Activity
Nothing but the lines from the one with "Good Deal and" through the final line of the entries should appear in the answer, copied exactly and without pictures.

====

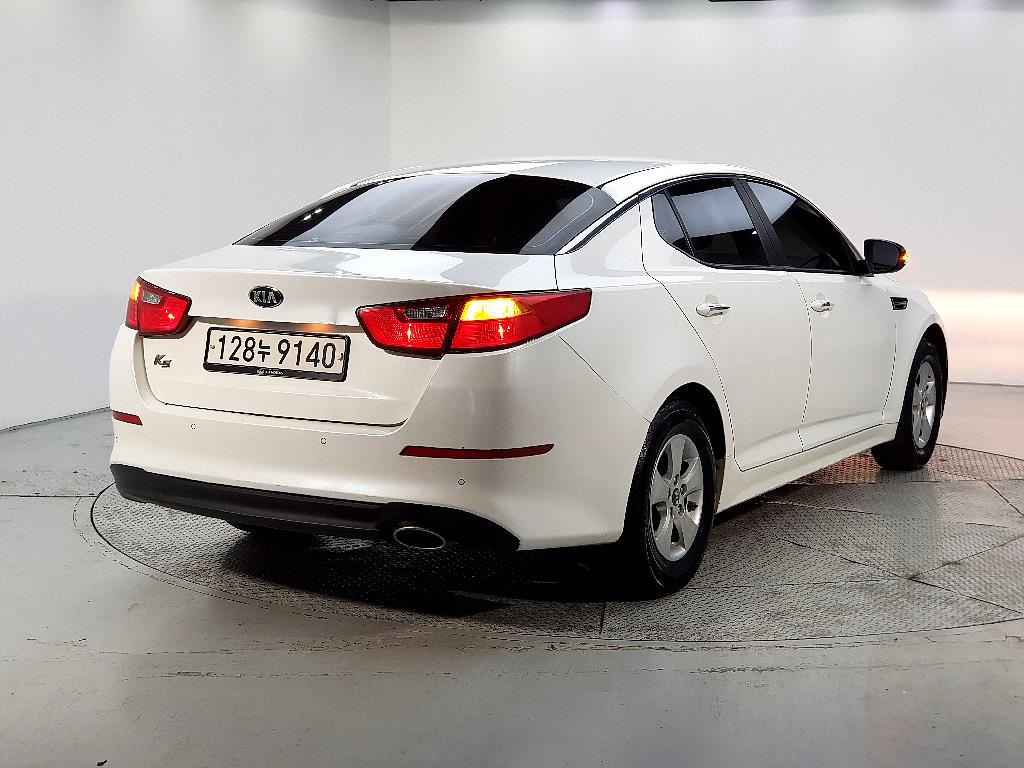 KIA K5 - Vista 4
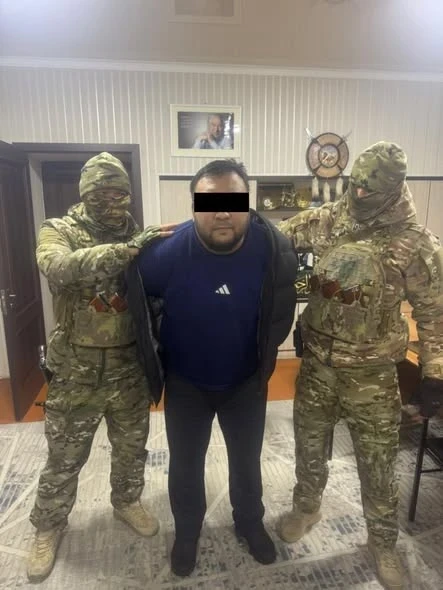 Обыски у ОПГ в Балыкчи: изъято оружие, пойман мошенник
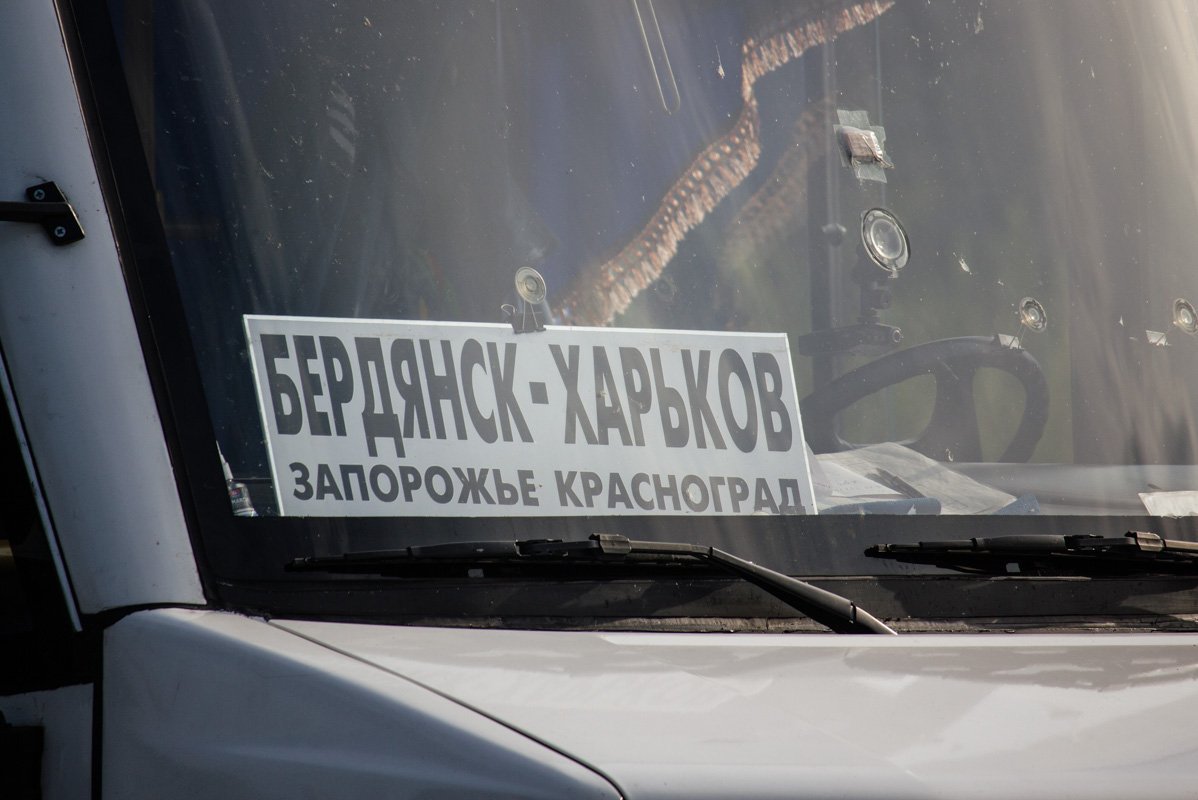 На Набережной Заводской Opel врезался в пассажирский автобус 2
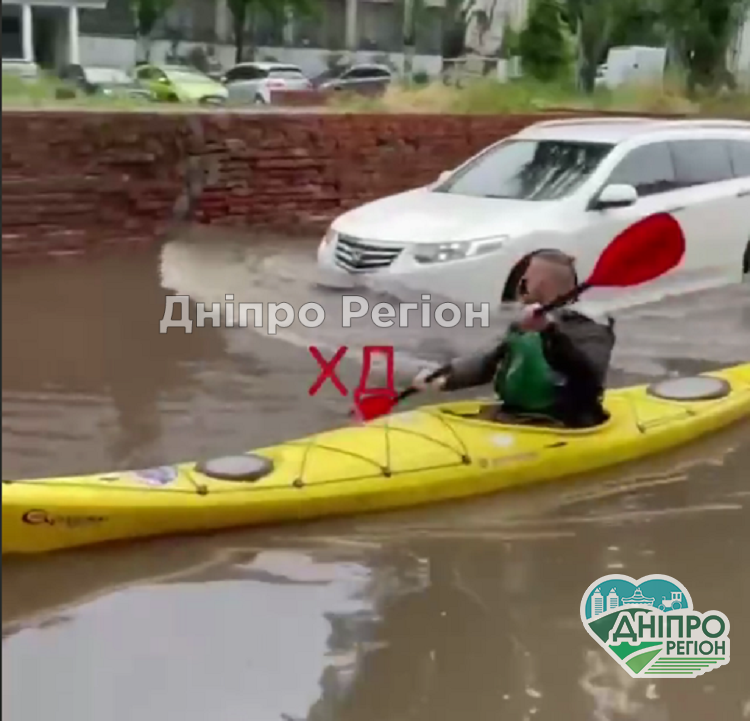 У Дніпрі по вулиці Столярова чоловік плаває на каяку (ФОТО/ВІДЕО ) У Дніпрі по вулиці Столярова чоловік плаває на каяку (ФОТО/ВІДЕО )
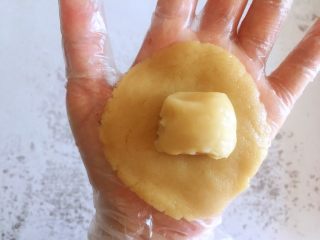 传统双酥果仁月饼（木糖醇糖浆）,取一个油酥面团放在油皮面饼中间，用油皮把油酥紧紧包住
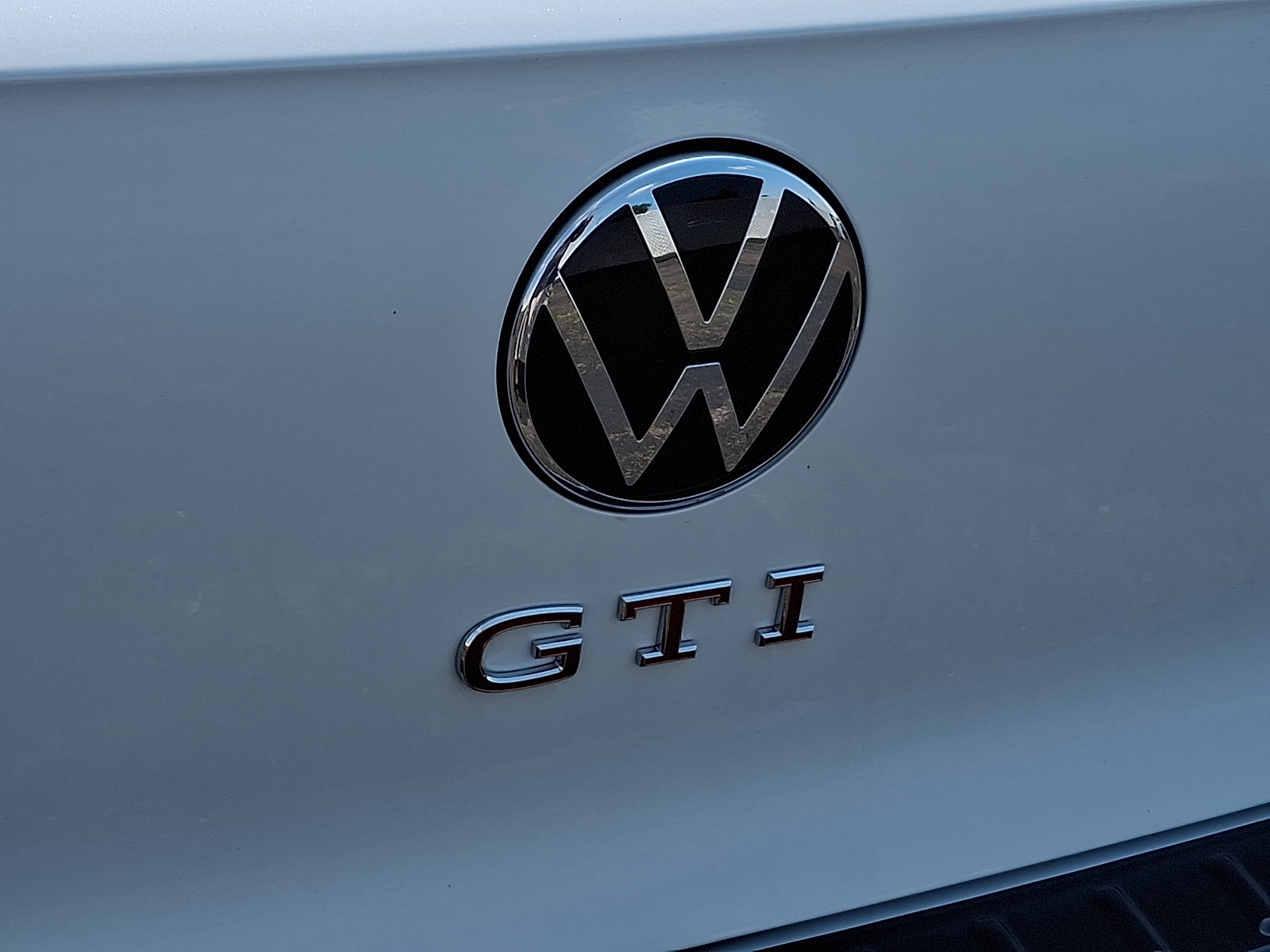 New 2026 Volkswagen GTI SE FWD image 11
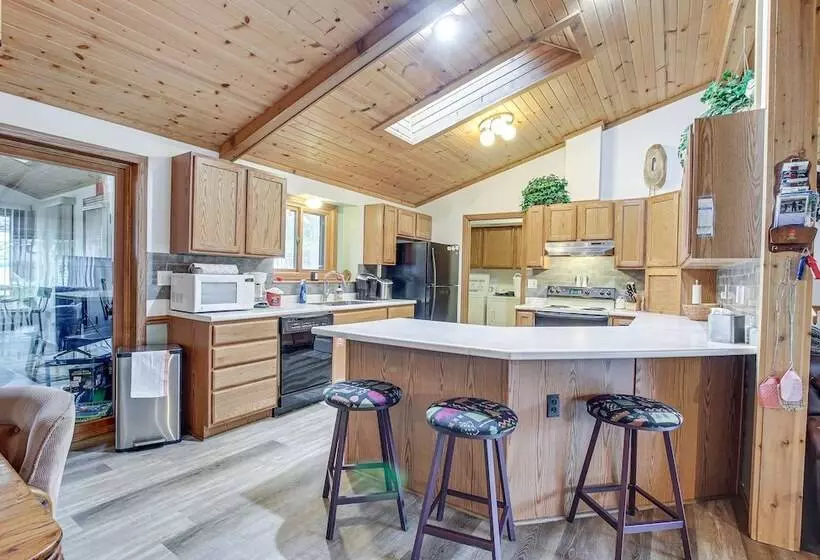 Versatile Castle Rock Lake Home With Fire Pit!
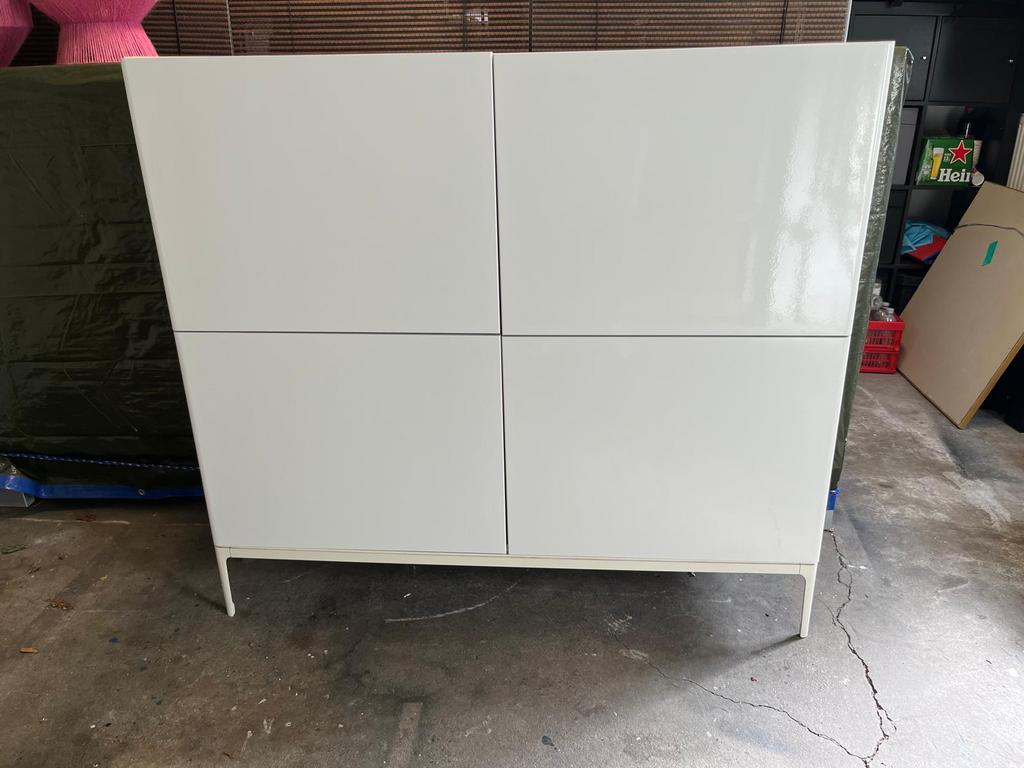Witte kast | breed 1.40m, hoog 1.28 m, Antiek en Kunst, Antiek | Meubels | Kasten, Ophalen
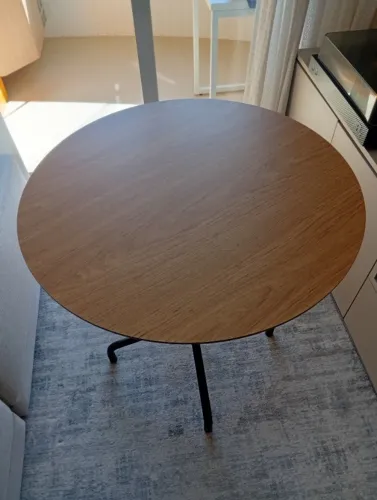 Mesa e Cadeiras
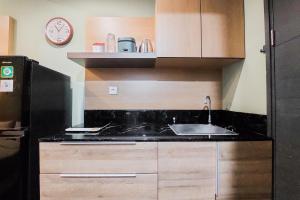 Good Deal and Homey Studio Collins Boulevard Apartment By Travelio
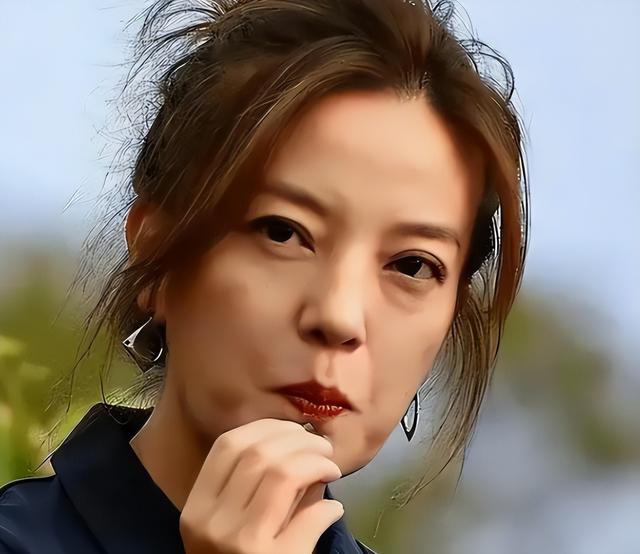 1590万资产被冻结！劣迹艺人赵薇走投无路，将15岁女儿当救命稻草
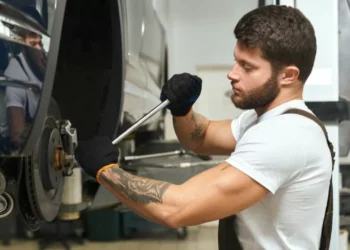 Piezas de autos que cumplan con T-MEC exentas de aranceles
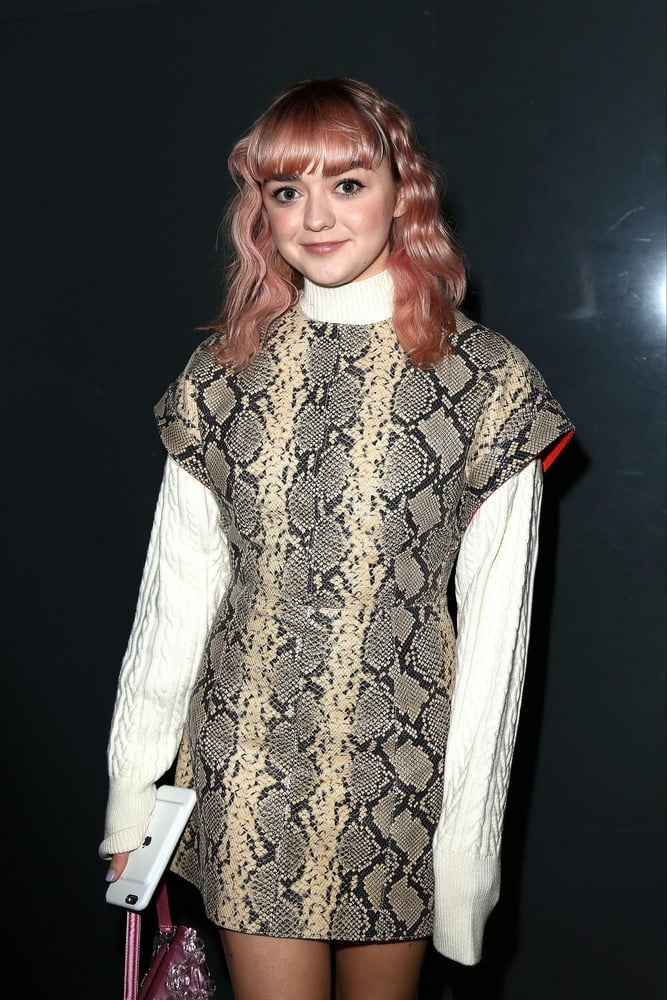 Abspritzen auf Maisie Williams 08
 #80935373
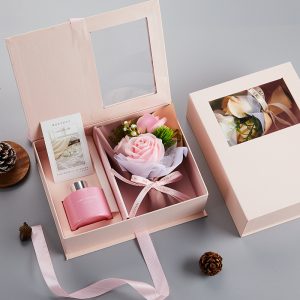 Set quà tặng 8/3 hoa sáp, tinh dầu kèm Luv208 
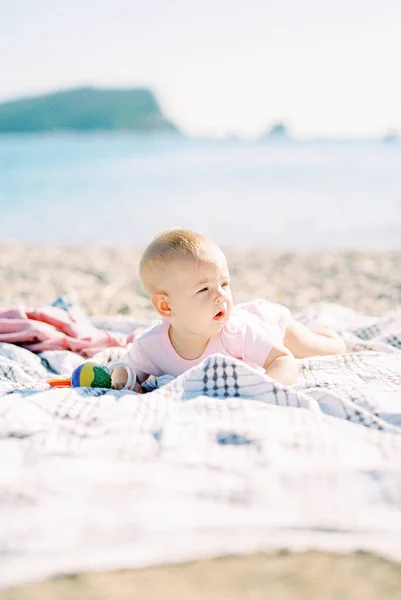 Baby Lies His Stomach Beach Bright Sun High Quality Photo — 스톡 사진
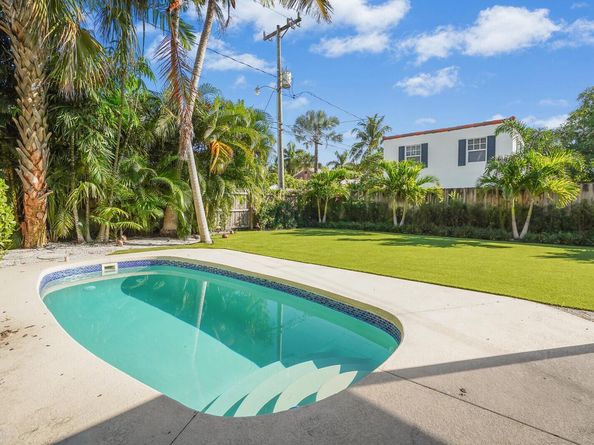 529 34th Street, West Palm Beach FL 33407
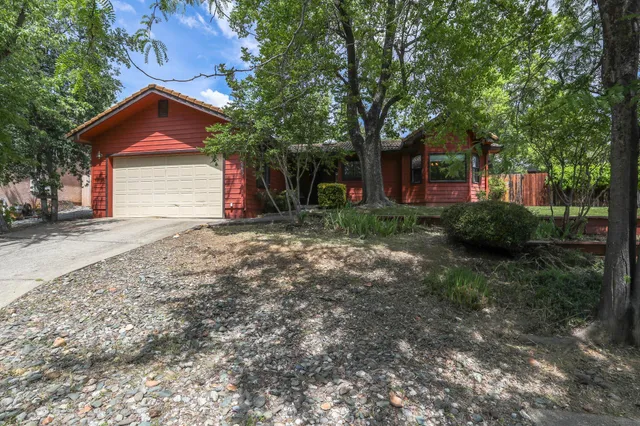 $349,000 | 5663 Terra Linda Way, Redding, CA 96003
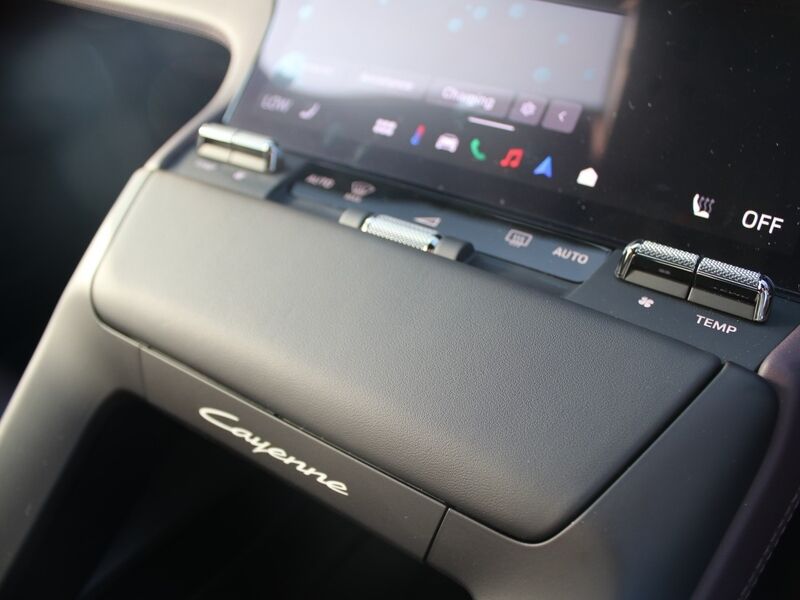 More views of Porsche Cayenne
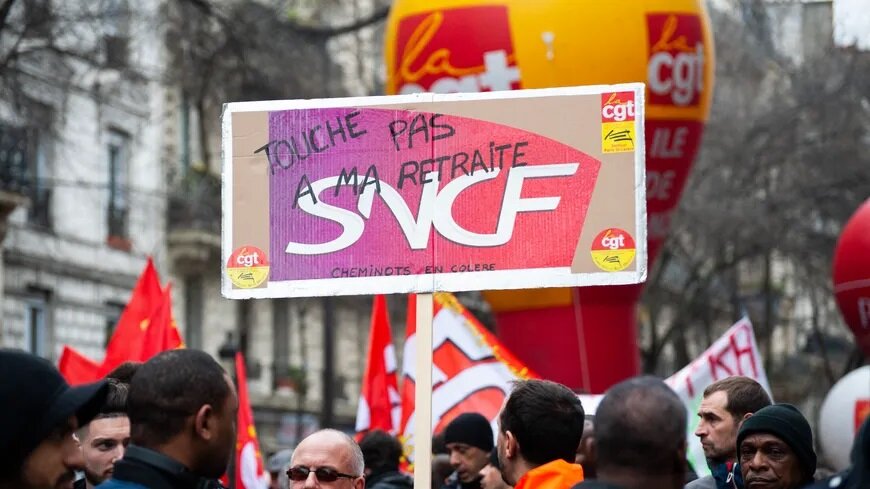 На эмблеме французского железнодорожного перевозчика SNCF надпись: "Не тронь мою пенсию!" Фото: radiofrance.fr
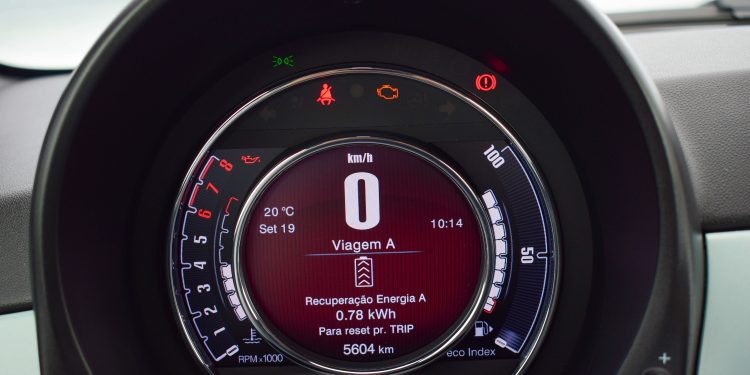 FIAT 500C Hybrid: Um ícone eletrizante! 36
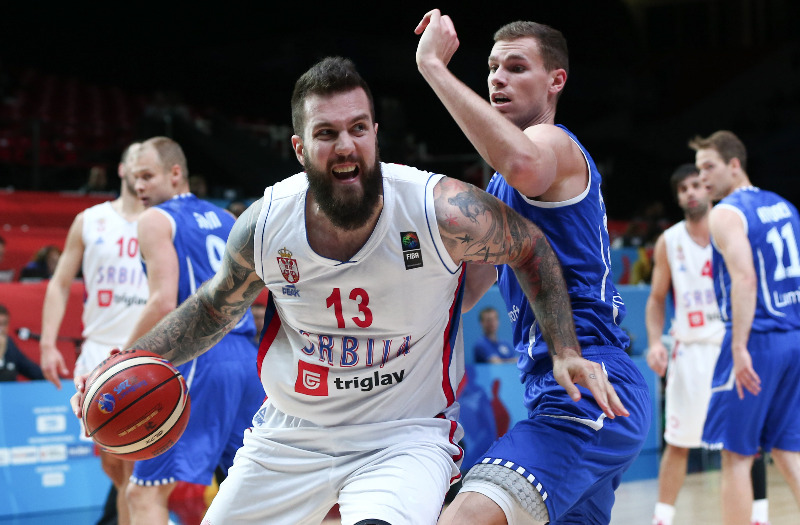 Finlandia, un juego de niños para Miroslav Raduljica (94-81)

====

Output below
 Good Deal and Homey Studio Collins Boulevard Apartment By Travelio
 1590万资产被冻结！劣迹艺人赵薇走投无路，将15岁女儿当救命稻草
 Piezas de autos que cumplan con T-MEC exentas de aranceles
 Abspritzen auf Maisie Williams 08
 #80935373
 Set quà tặng 8/3 hoa sáp, tinh dầu kèm Luv208 
 Baby Lies His Stomach Beach Bright Sun High Quality Photo — 스톡 사진
 529 34th Street, West Palm Beach FL 33407
 $349,000 | 5663 Terra Linda Way, Redding, CA 96003
 More views of Porsche Cayenne
 На эмблеме французского железнодорожного перевозчика SNCF надпись: "Не тронь мою пенсию!" Фото: radiofrance.fr
 FIAT 500C Hybrid: Um ícone eletrizante! 36
 Finlandia, un juego de niños para Miroslav Raduljica (94-81)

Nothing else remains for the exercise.